### Aim of the task
Your copy should hold exactly the lines from the one containing "Natural Burmese Spinel" through the last line of the entries, and no pictures.

### Supplied data
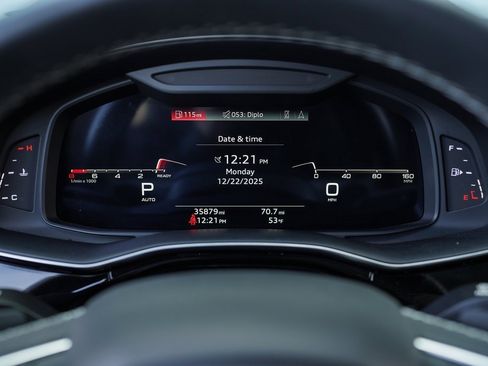 Used 2021 Audi SQ8 Prestige w/ Prestige Package image 27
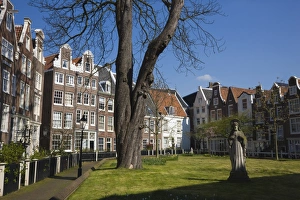 Images Dated 9th April 2008: Begijnhof, a beautiful square of 17th and 18th century houses, Amsterdam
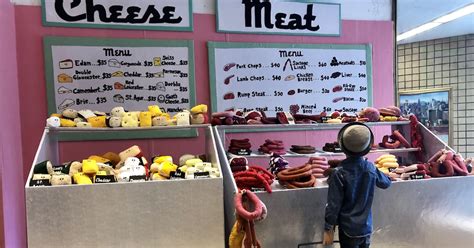 Artist opens New York delicatessen with 30,000 products made of felt ...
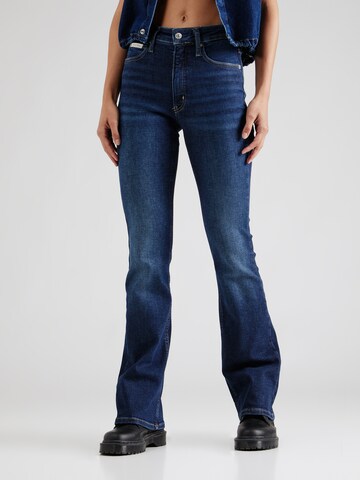 Calvin Klein Jeans - Bootcut Vaquero en azul: frente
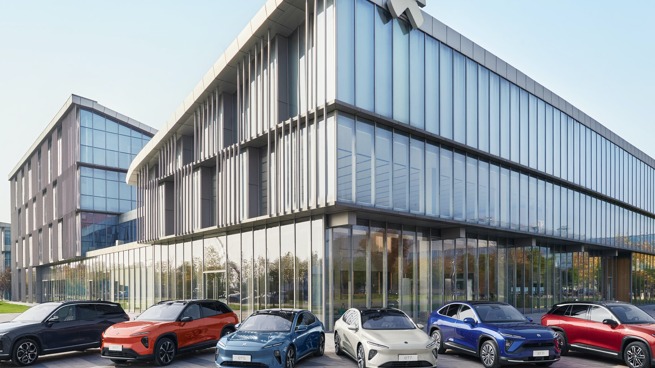 交付量要“回血”，产品要升级，蔚来进击的2023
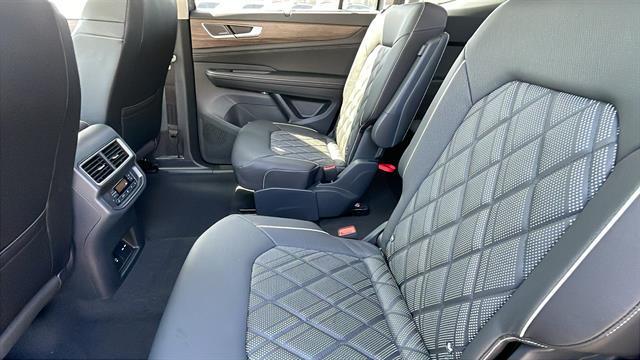 new 2025 Volkswagen Atlas car, priced at $53,924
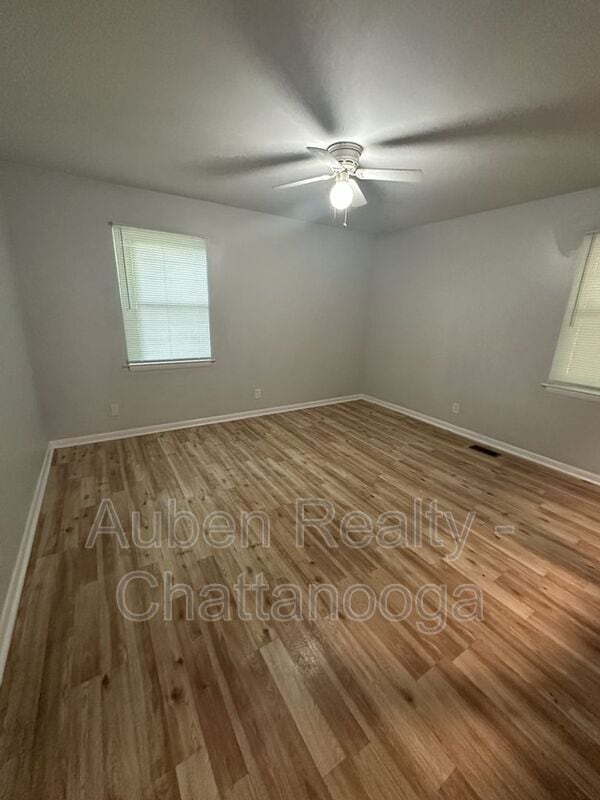 Building Photo - 229 N Cliff Ln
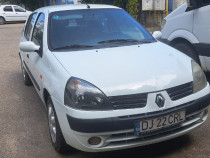 Dezmembrez renault clio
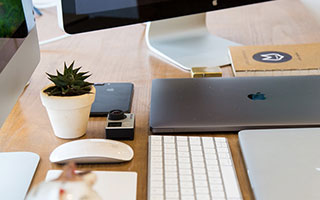 世界杯高清直播入口-网坛群星致敬马拉多纳 纳达尔：他的成就永存于世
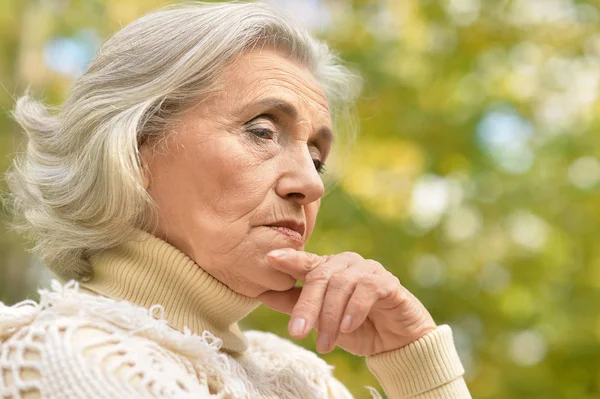 Senior beautiful woman posing — Stock Photo, Image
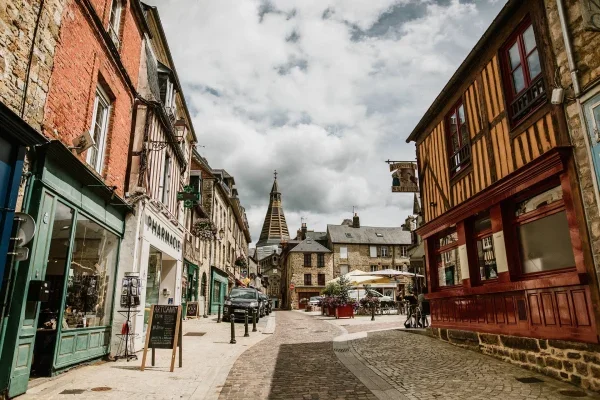 centre-bourg-de-domfront-coraline-et-leo-orne-600x400-f50_50.webp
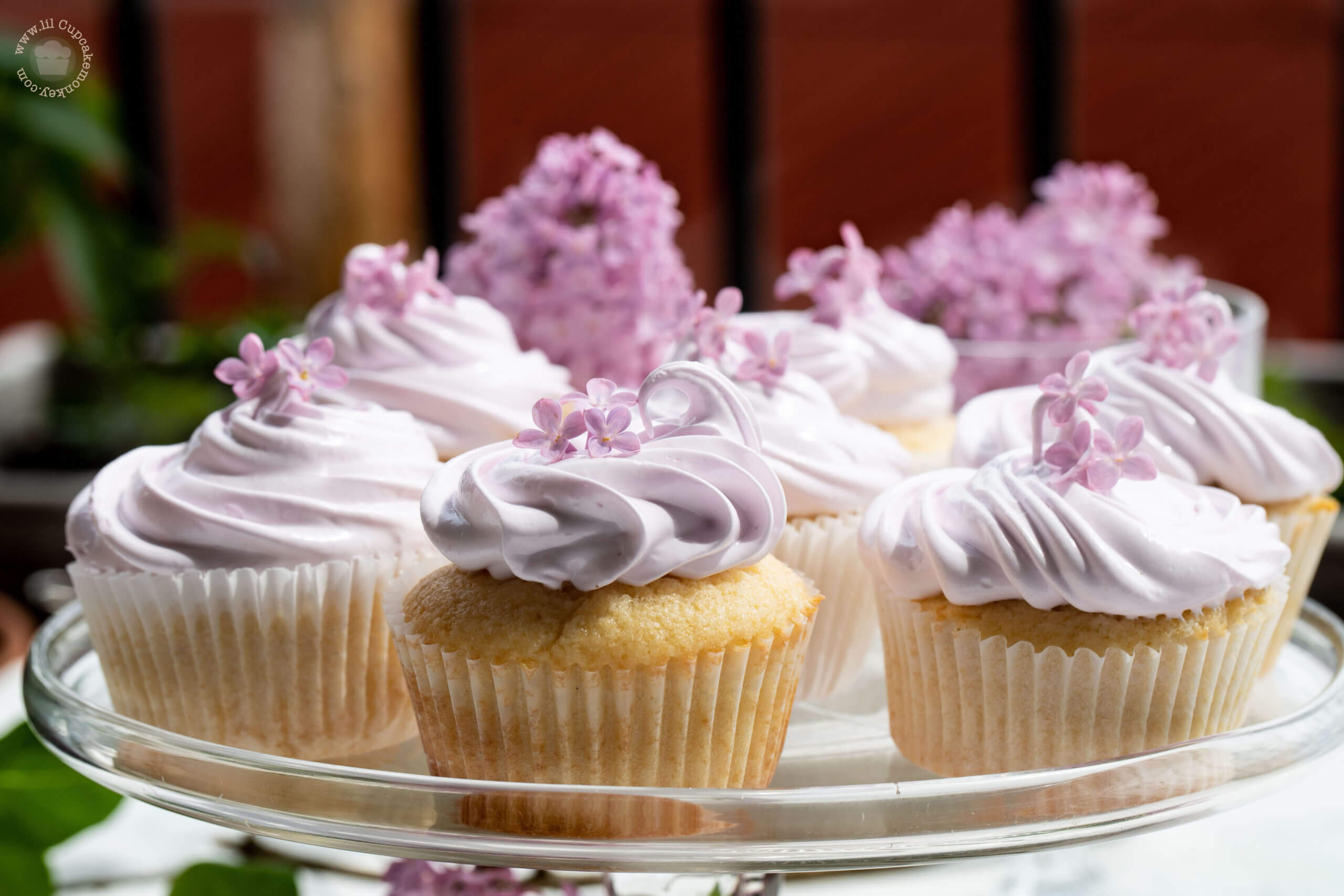 Lilac and Lemon Cupcakes (Photo: Lil Cupcake Monkey)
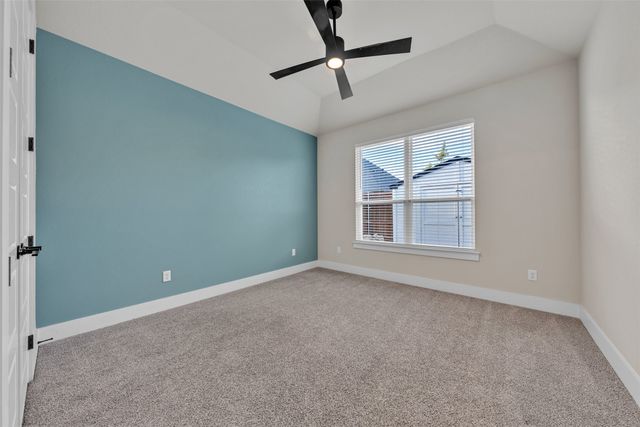 512 Creekside Drive, Haslet, TX 76052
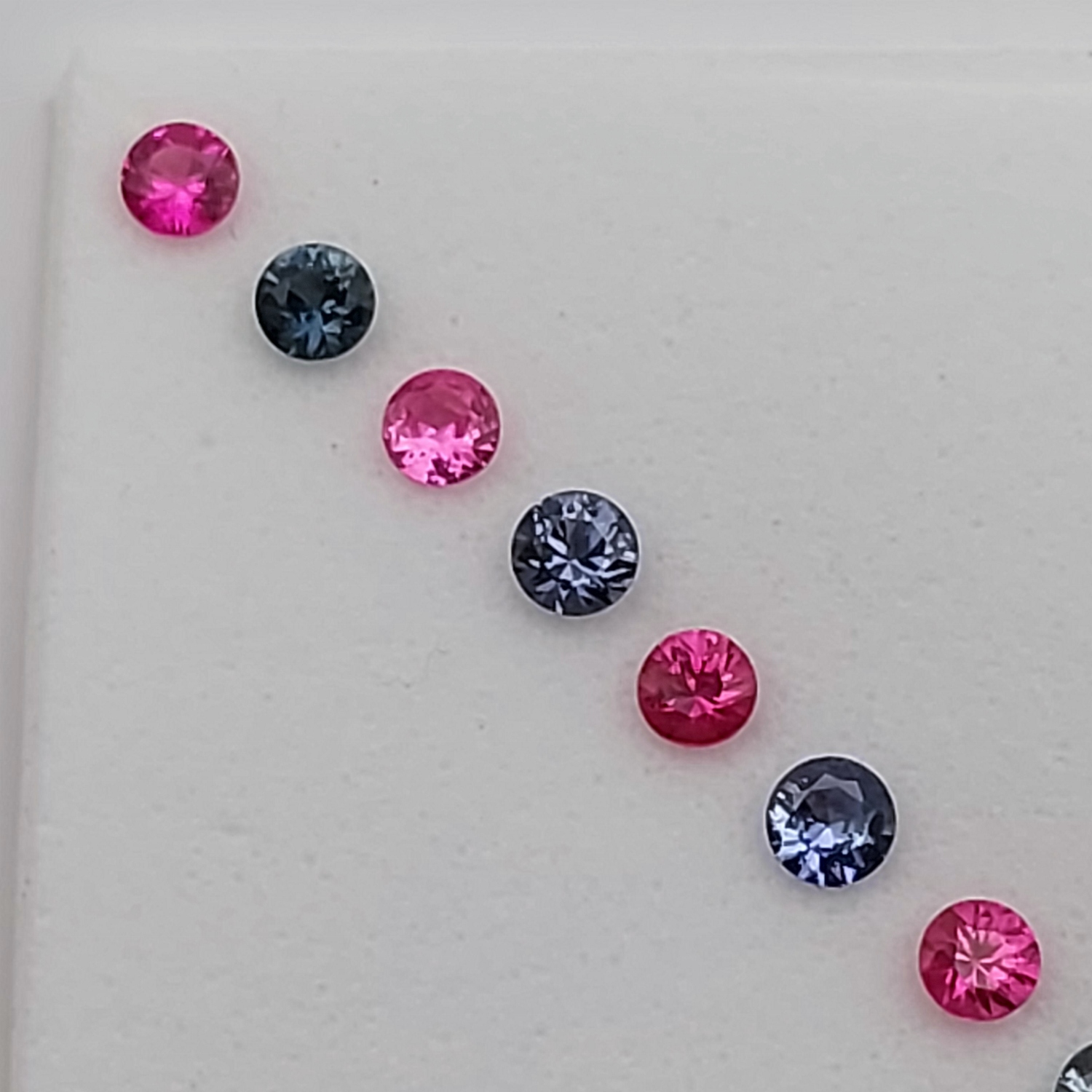 Natural Burmese Spinel Lot 10pcs 2.5 mm Litnon.com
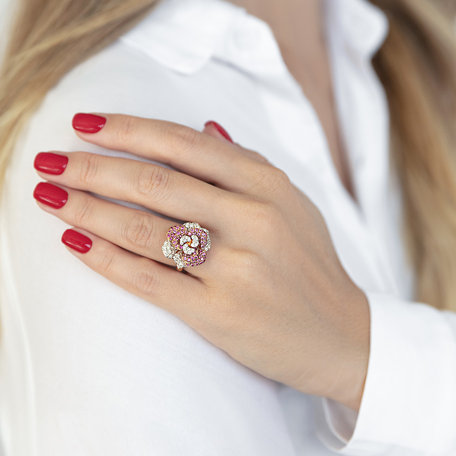 Diamond ring with Sapphire Exotic Magnolia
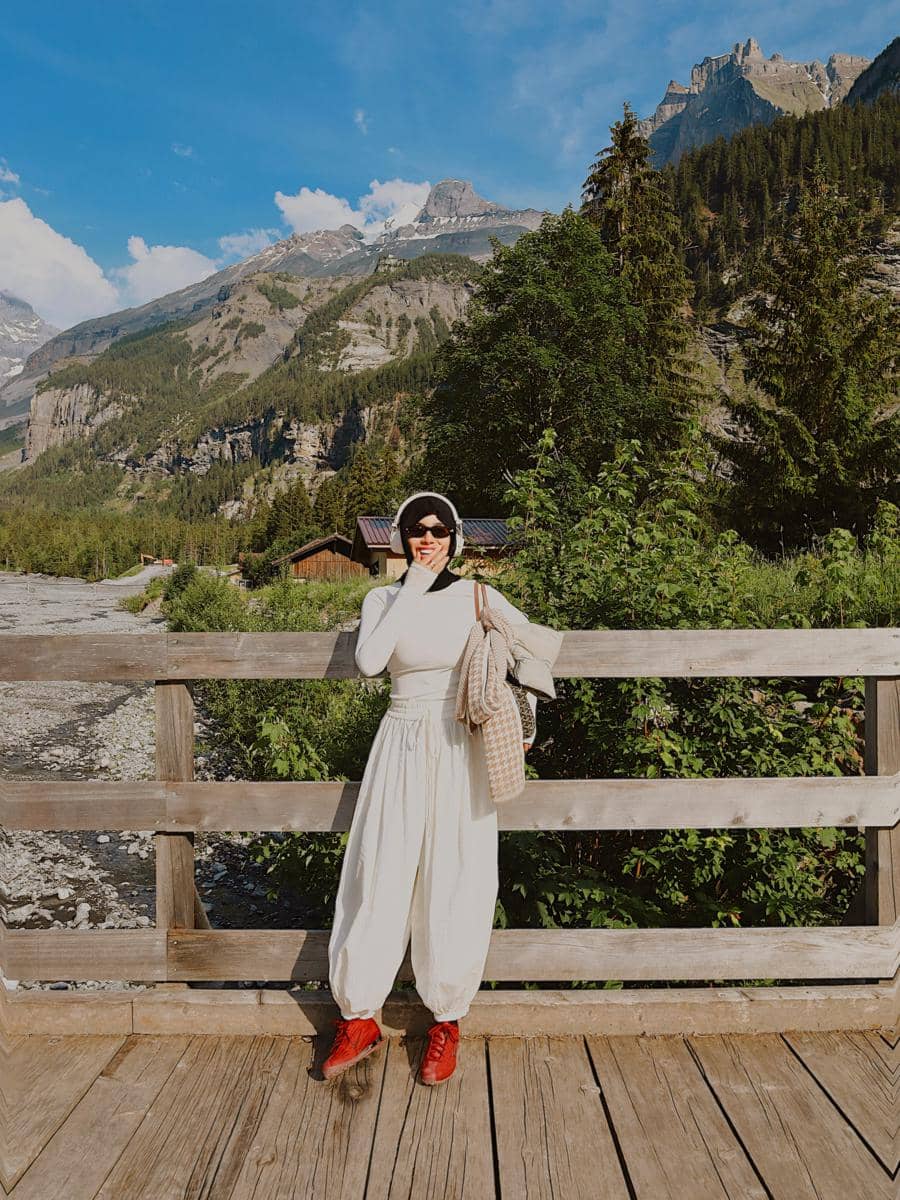 Emy Aghnia jalan-jalan di Danau Oeschinen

### Solution to this problem
 Natural Burmese Spinel Lot 10pcs 2.5 mm Litnon.com
 Diamond ring with Sapphire Exotic Magnolia
 Emy Aghnia jalan-jalan di Danau Oeschinen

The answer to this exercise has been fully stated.